The New York Times cited Iraqi police and area residents reporting that “Four of the dead were brothers between the ages of 10 and 18.”

Iraqi police said that four US Army helicopters provided support during the 1 a.m. operation.

Local residents reported a scene of “chaos and fear as American soldiers and Iraqi security officers moved through the area in the darkness,” the Times reported. “They accused the Iraqis of firing indiscriminately, often at people who represented no threat.”

“I was sleeping when I was awakened by gunfire and explosions,” a resident told the Times. “I went out to see what was happening and they shot at me. They missed, but I went back inside and stayed there.”

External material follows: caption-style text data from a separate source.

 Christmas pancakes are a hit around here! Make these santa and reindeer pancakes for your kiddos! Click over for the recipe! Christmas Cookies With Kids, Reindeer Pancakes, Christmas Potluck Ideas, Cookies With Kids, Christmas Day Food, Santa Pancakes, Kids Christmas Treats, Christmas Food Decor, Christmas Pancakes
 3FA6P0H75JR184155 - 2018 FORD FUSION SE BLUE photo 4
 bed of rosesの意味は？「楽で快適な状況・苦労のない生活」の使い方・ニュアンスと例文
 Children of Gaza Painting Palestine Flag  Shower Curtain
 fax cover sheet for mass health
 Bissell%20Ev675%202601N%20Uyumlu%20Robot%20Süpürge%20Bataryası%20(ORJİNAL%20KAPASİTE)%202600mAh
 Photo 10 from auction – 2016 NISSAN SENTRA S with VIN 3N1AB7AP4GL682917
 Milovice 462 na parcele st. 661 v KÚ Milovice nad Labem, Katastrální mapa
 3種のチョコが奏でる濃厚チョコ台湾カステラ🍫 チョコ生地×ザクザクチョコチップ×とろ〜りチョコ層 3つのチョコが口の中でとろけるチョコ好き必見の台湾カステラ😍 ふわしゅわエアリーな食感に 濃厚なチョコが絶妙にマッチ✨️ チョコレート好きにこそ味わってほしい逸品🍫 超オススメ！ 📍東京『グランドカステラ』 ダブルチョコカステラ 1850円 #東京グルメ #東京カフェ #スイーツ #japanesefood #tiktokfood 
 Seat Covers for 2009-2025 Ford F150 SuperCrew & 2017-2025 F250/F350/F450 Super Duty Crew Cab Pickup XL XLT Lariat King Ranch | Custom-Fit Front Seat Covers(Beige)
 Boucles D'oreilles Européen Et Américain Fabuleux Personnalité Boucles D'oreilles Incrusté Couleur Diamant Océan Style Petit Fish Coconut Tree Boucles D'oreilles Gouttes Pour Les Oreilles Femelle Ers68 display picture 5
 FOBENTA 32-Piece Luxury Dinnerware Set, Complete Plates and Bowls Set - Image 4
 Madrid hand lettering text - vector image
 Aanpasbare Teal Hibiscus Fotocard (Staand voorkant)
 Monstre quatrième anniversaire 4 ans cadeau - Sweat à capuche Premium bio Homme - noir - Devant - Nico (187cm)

Fallujah, 43 miles west of Baghdad, is located in the predominantly Sunni Anbar Province, a center of resistance to the US occupation since the 2003 invasion. In November 2004, the US military subjected Fallujah to a brutal siege, in which thousands were killed and more than half of the city’s buildings reduced to rubble. The population of 600,000 was reduced by half due to the killings and the forced exodus of those who fled the assault.

The siege involved some of the worst war crimes of the US occupation, including the summary execution of prisoners and the use of white phosphorus shells to burn insurgents and unarmed civilians alive.

This week’s murderous raid has reawakened the deep-seated rage of the local population over the suffering inflicted by the US occupation forces.

“The security situation in Fallujah may deteriorate because of what happened today,” Abdulfattah Izghear, a city council member, told the Washington Post. “We asked US troops and the Iraqi government to explain this unjustified action and this naked aggression against civilians.”

On Thursday, the city’s Municipal Council declared three days of mourning for the victims of the raid. A statement issued by the council read, “The people of Fallujah denounce this terrorist operation … motivated by the deep hatred of this city and its people.” Offices, schools and shops were shut down in protest over the killings.

Condemnation of the raid also came from officials in Ramadi, the capital city of Iraq’s western Anbar Province. The governor of the province Qassem al-Fahdawi demanded that the regime in Baghdad conduct an investigation into the raid. Officials reported that President Nouri al-Maliki has agreed to set up a commission to investigate the killings.

“All the casualties were civilians, including the owner of the house the troops targeted,” the governor said.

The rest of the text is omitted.